Source records: Begin

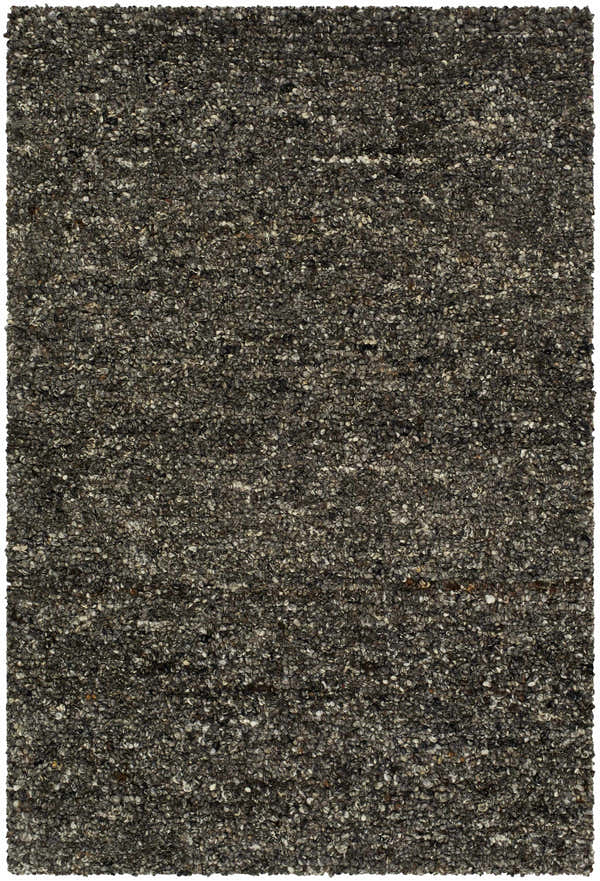 Close-up of the hand-tufted Sevan Black Wool Area Rug. Features jet black, medium gray, and taupe tones. Design-Rectangle-23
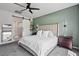 Tranquil bedroom with a modern design, sleek fixtures, and a peaceful atmosphere at 25421 S 228Th St, Queen Creek, AZ 85142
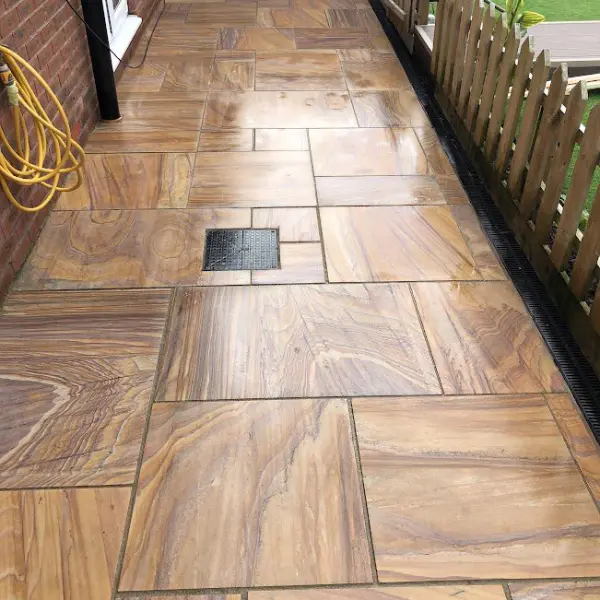Rainbow sandstone patio pristine and algae-free after HR Total Power Clean.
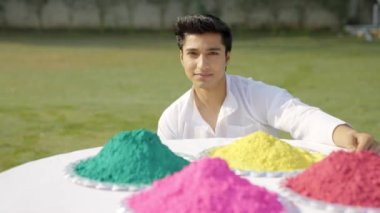 Indian man with Holi colors looking at the camera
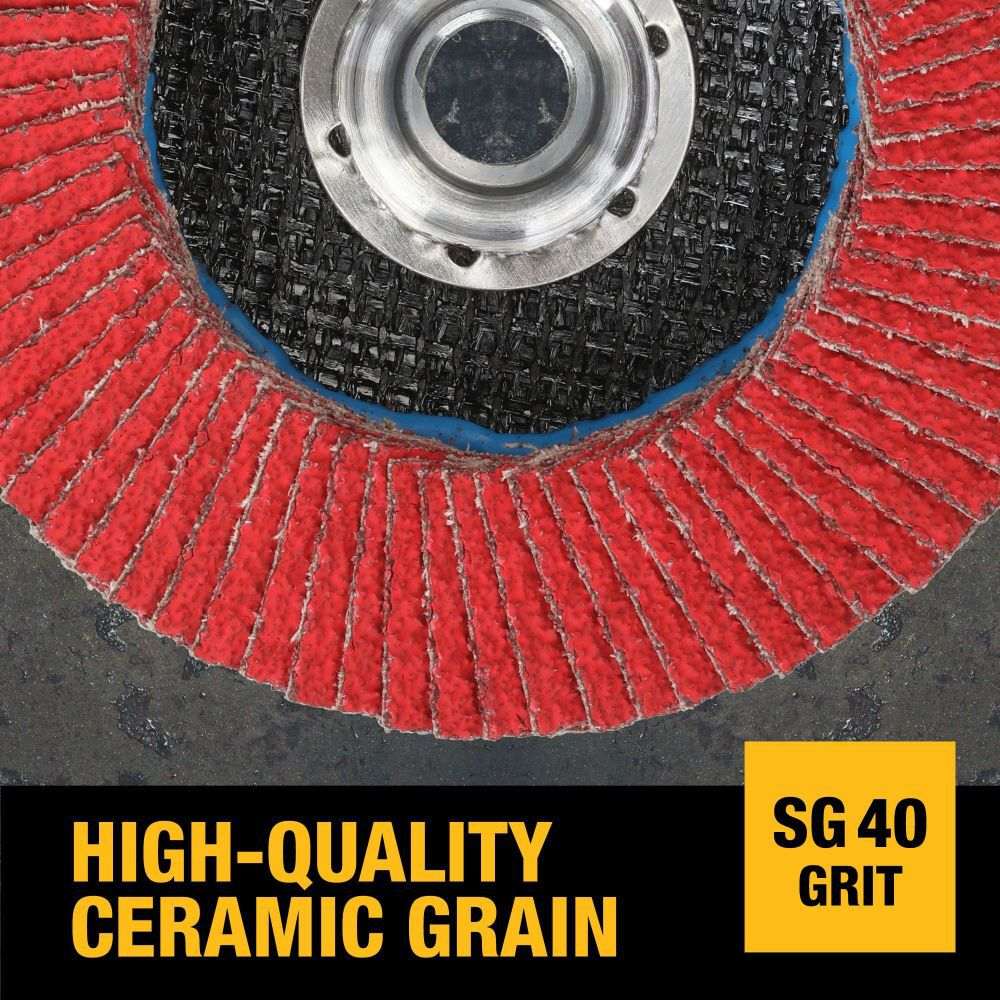 A close-up photograph of the red high-quality ceramic grain on a DeWalt XP jumbo flap disc, highlighting the aggressive 40-grit texture and industrial backing.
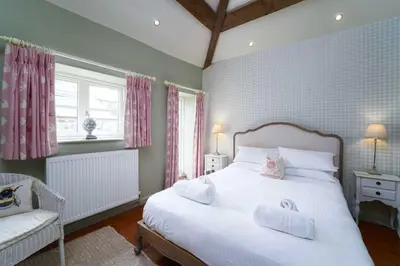a bedroom with a large white bed and a chair at Upper Trowan in St Ives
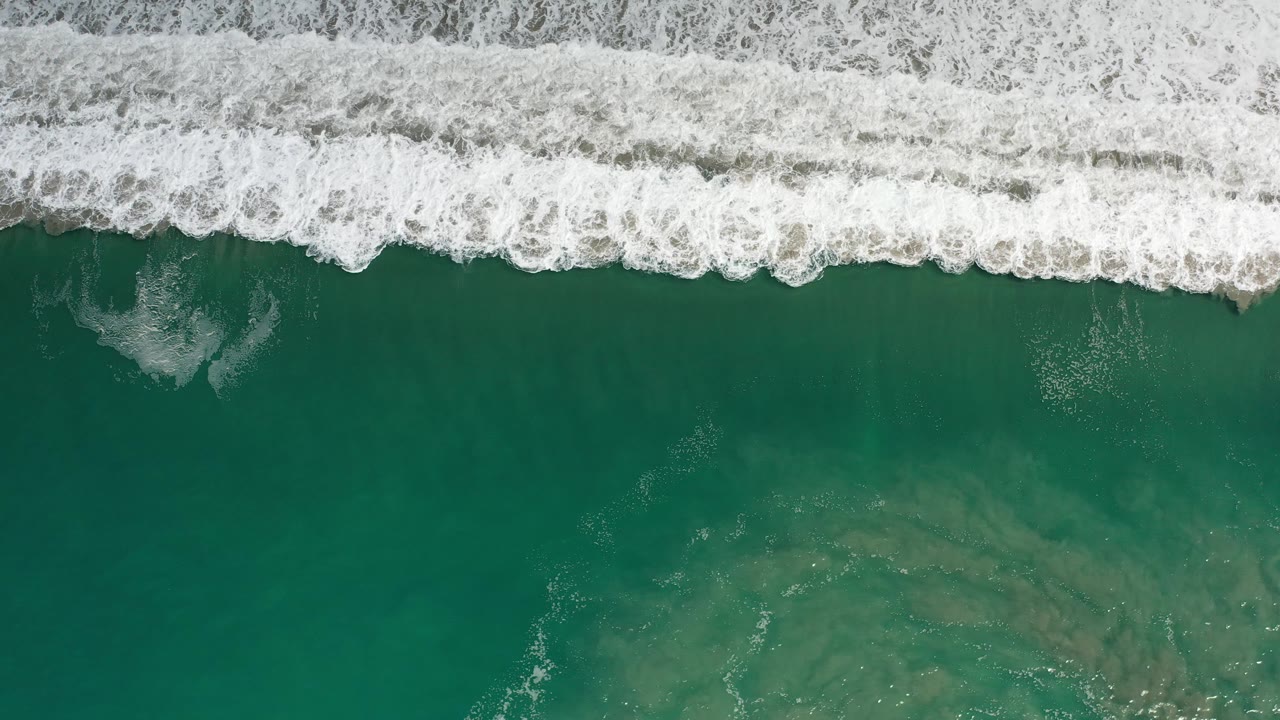 Aerial view of a breaking wave and darker water below.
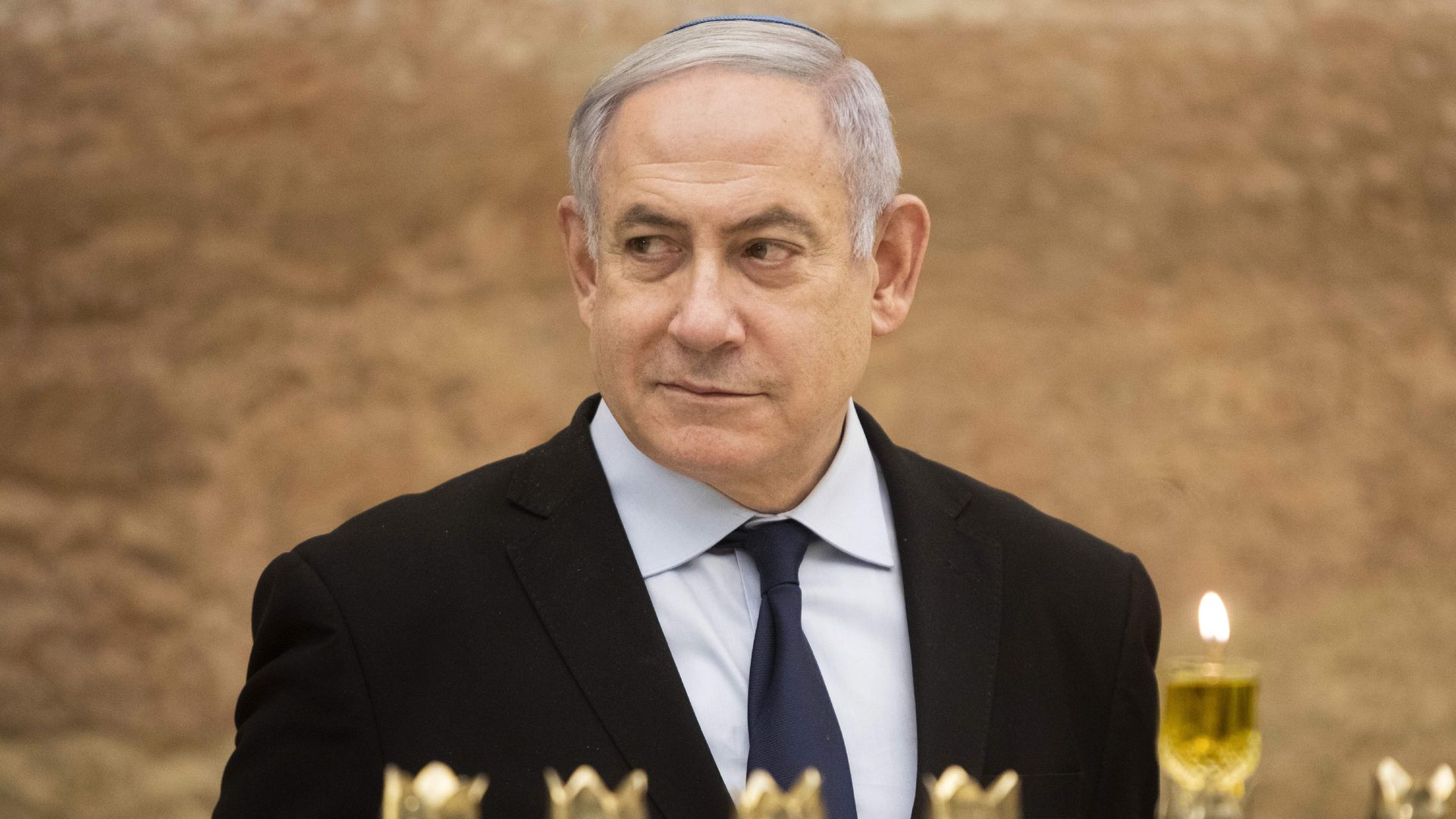 Israeli Prime Minister Benjamin Netanyahu looks on after lighting a Hanukkah candle at the Western Wall, Judaism's holiest prayer site, in the Old City of Jerusalem on December 22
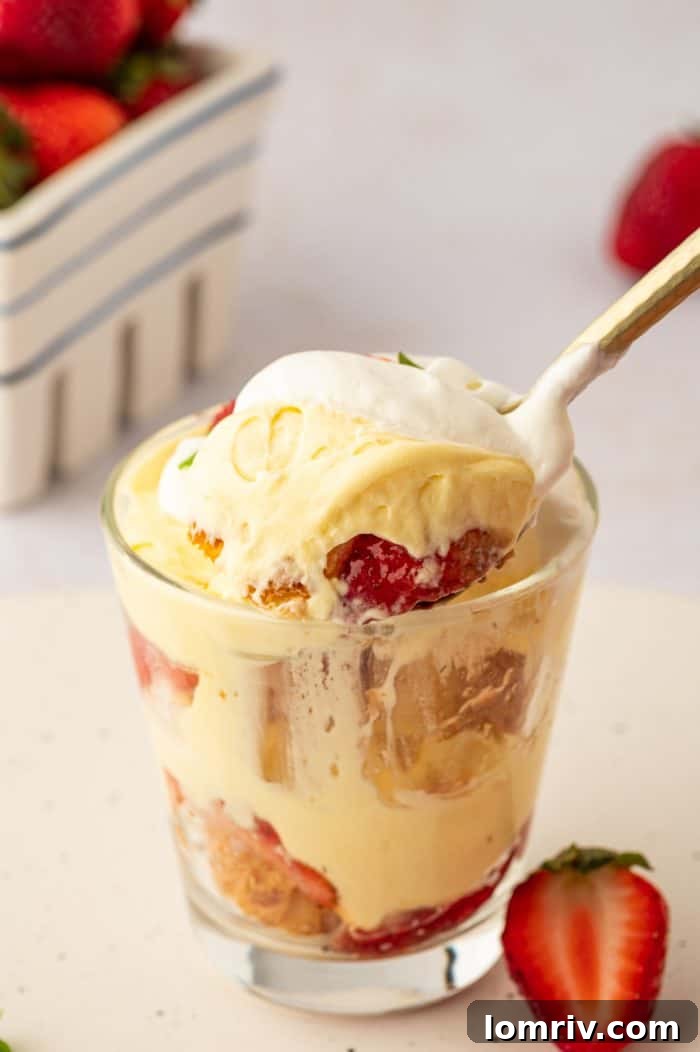 A spoon scooping a perfect bite of strawberry trifle from a glass, highlighting the distinct layers and the fresh fruit.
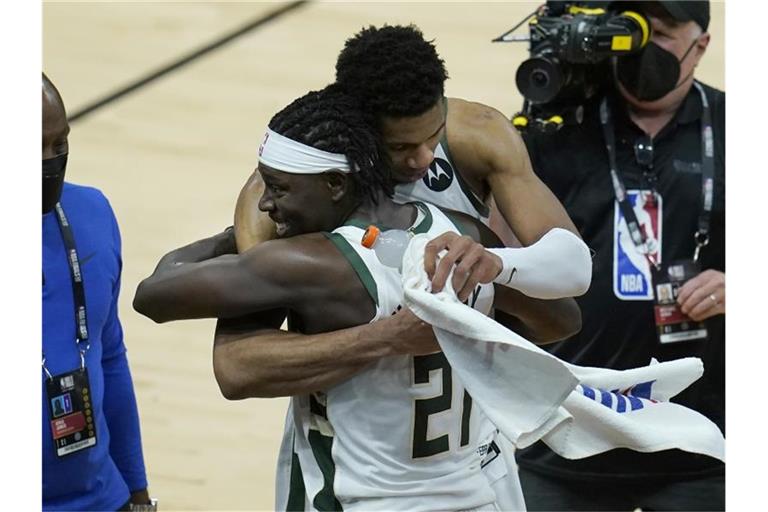 Giannis Antetokounmpo von den Milwaukee Bucks umarmt Teamkollege Jrue Holiday nach dem Sieg über die Suns. Foto: Ross D. Franklin/AP/dpa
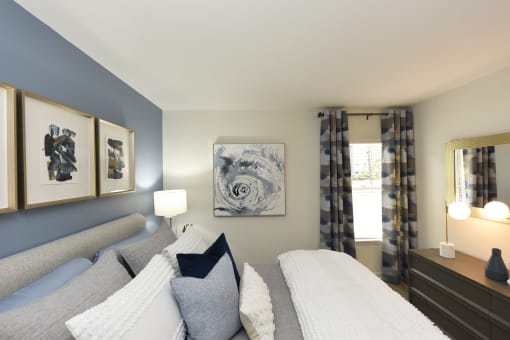 a blue and white bedroom with a couch and a window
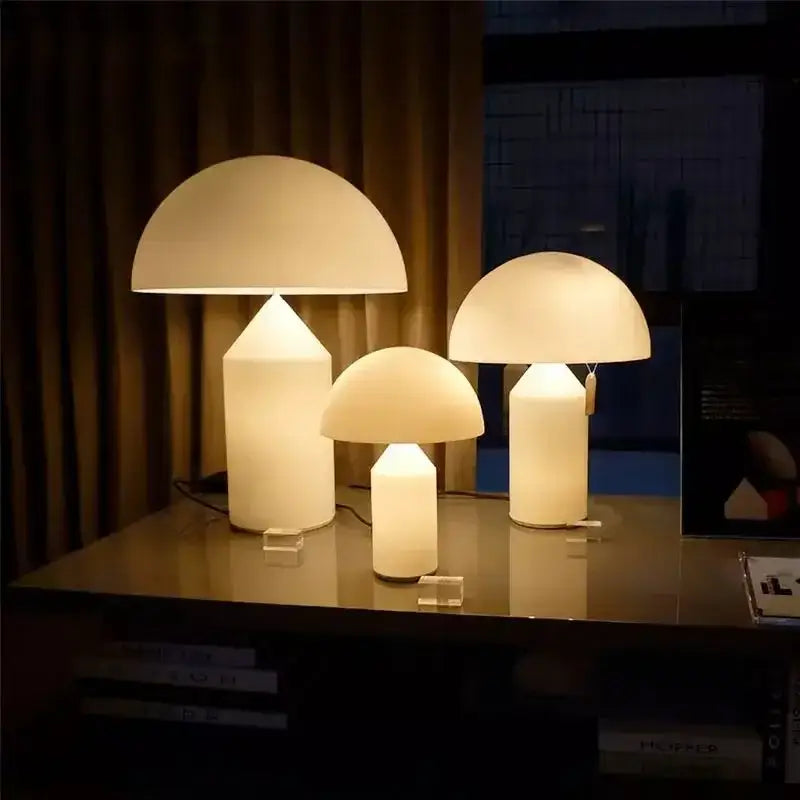 Three illuminated white glossy mushroom iron table lamps with opaque glass domes for bedroom decorbites iron table use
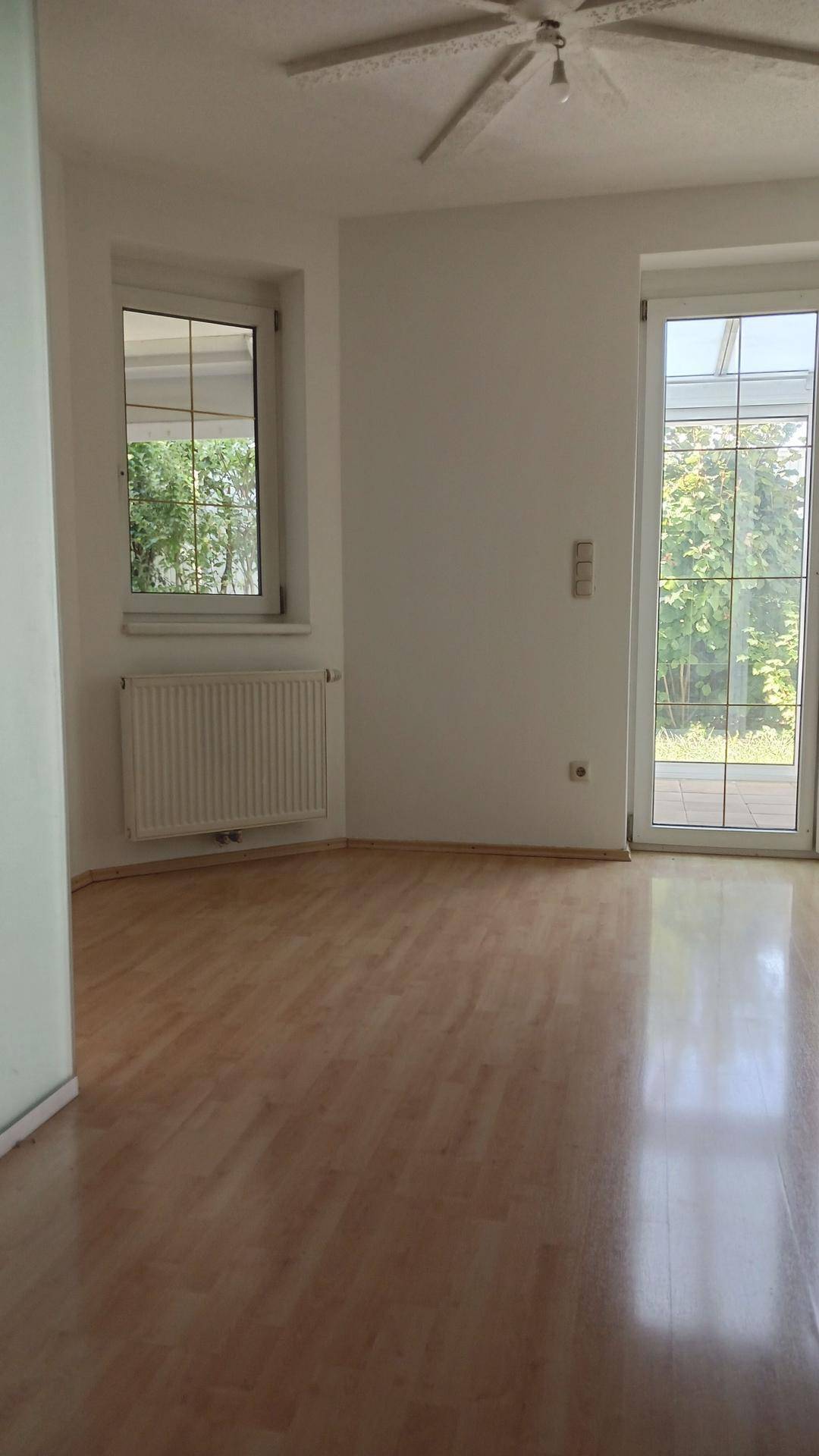Geräumiges Wohnzimmer mit Laminatboden, Fenster und großer Glasschiebetür zum Garten.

Source records: End

__What needs to be done__
The reply should hold only the lines running from the top of the records to the line containing "a bedroom with", both included, copied exactly with no pictures.

__Reply to the task__
 Close-up of the hand-tufted Sevan Black Wool Area Rug. Features jet black, medium gray, and taupe tones. Design-Rectangle-23
 Tranquil bedroom with a modern design, sleek fixtures, and a peaceful atmosphere at 25421 S 228Th St, Queen Creek, AZ 85142
Rainbow sandstone patio pristine and algae-free after HR Total Power Clean.
 Indian man with Holi colors looking at the camera
 A close-up photograph of the red high-quality ceramic grain on a DeWalt XP jumbo flap disc, highlighting the aggressive 40-grit texture and industrial backing.
a bedroom with a large white bed and a chair at Upper Trowan in St Ives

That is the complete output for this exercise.